--- SOURCE DATA ---

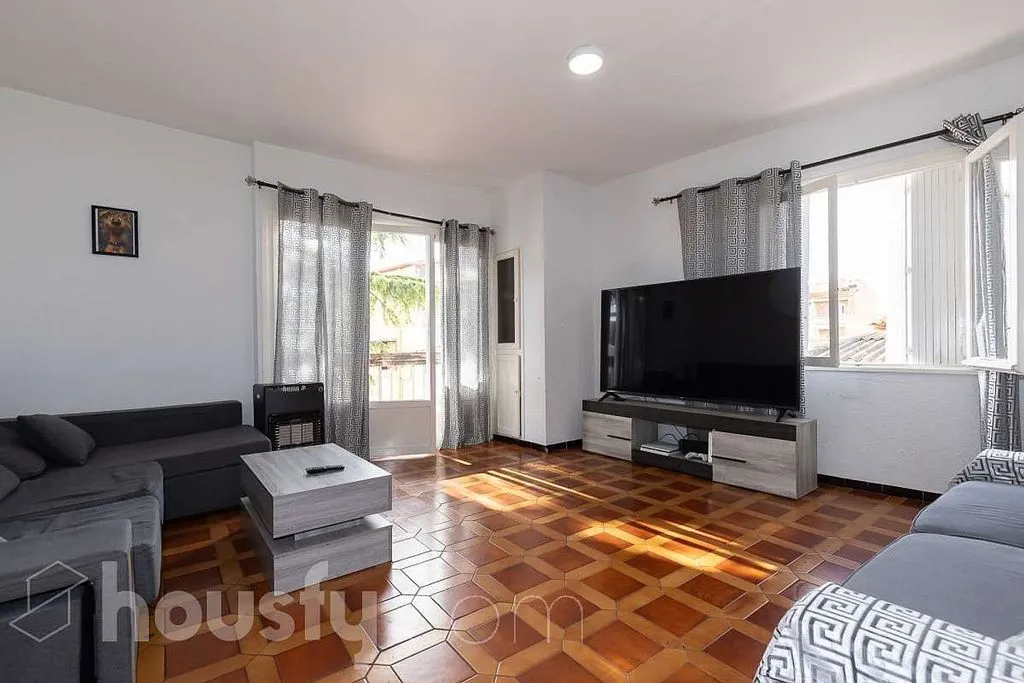 Living Room - Apartment with Balcony in Santa Bàrbara
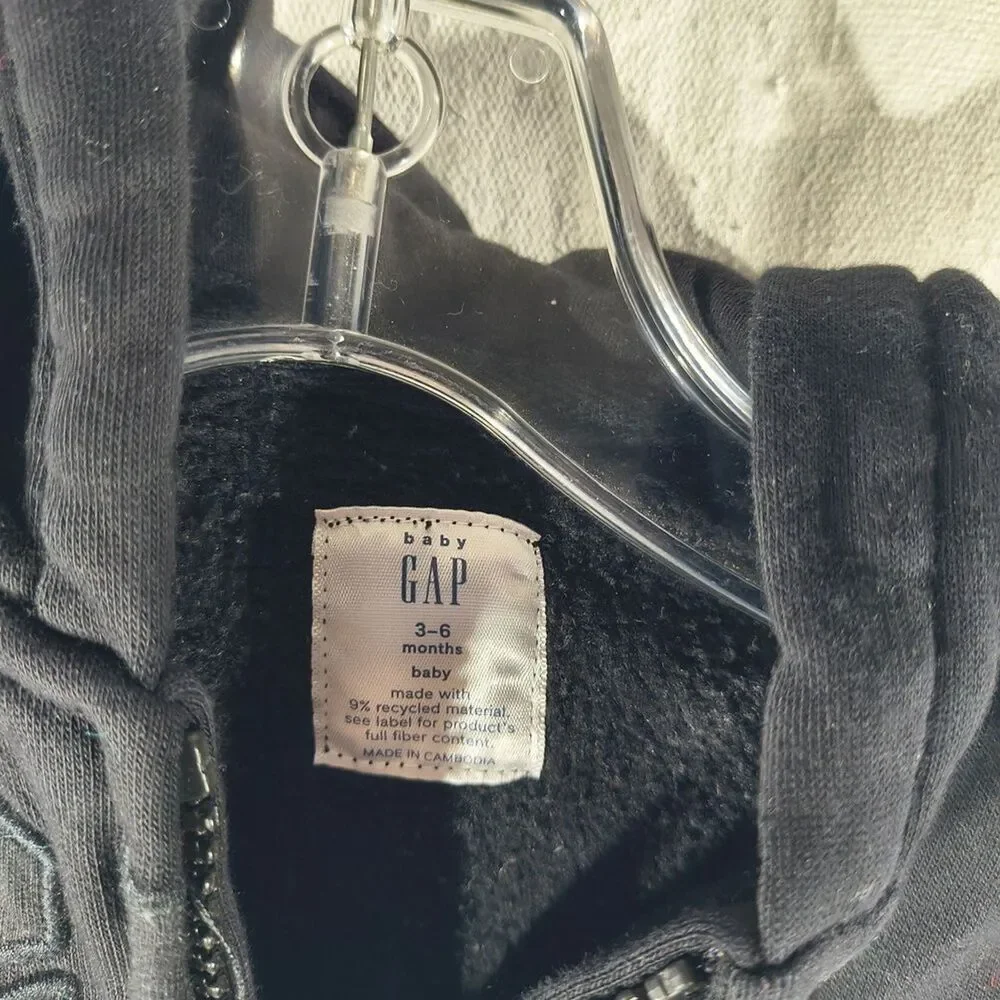 GAP stylish black
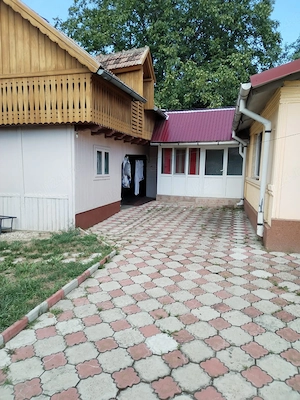 Casă 4 camere Comănești - imagine 4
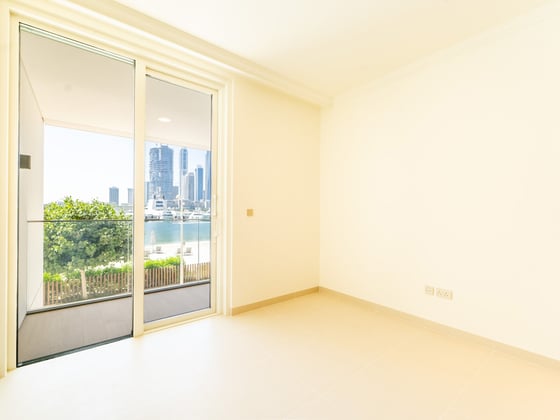 Podium Living | Private Terrace | Vacant Now, picture 11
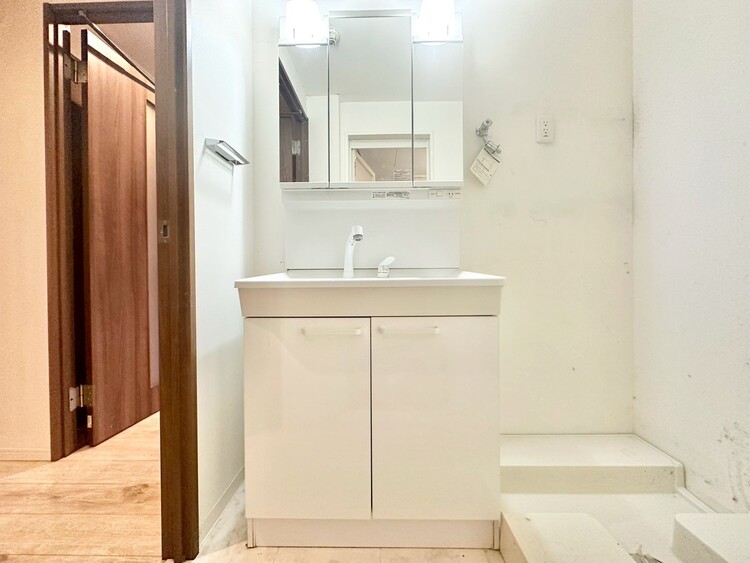 その他 清潔感を感じられる洗面化粧台。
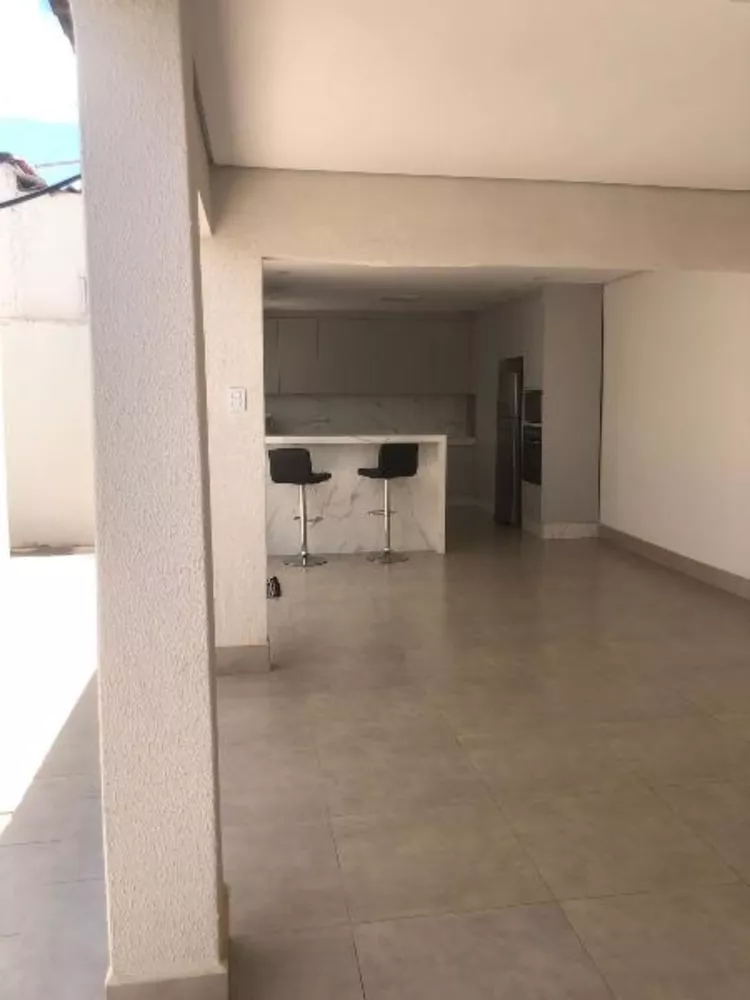 Casa de Condomínio à venda com 3 quartos, 160m² - Foto 3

---

# TO DO:
Each entry above has to be set down again verbatim, except for its pictures.

# ANSWER FOR THIS EXERCISE:
 Living Room - Apartment with Balcony in Santa Bàrbara
 GAP stylish black
 Casă 4 camere Comănești - imagine 4
 Podium Living | Private Terrace | Vacant Now, picture 11
 その他 清潔感を感じられる洗面化粧台。
 Casa de Condomínio à venda com 3 quartos, 160m² - Foto 3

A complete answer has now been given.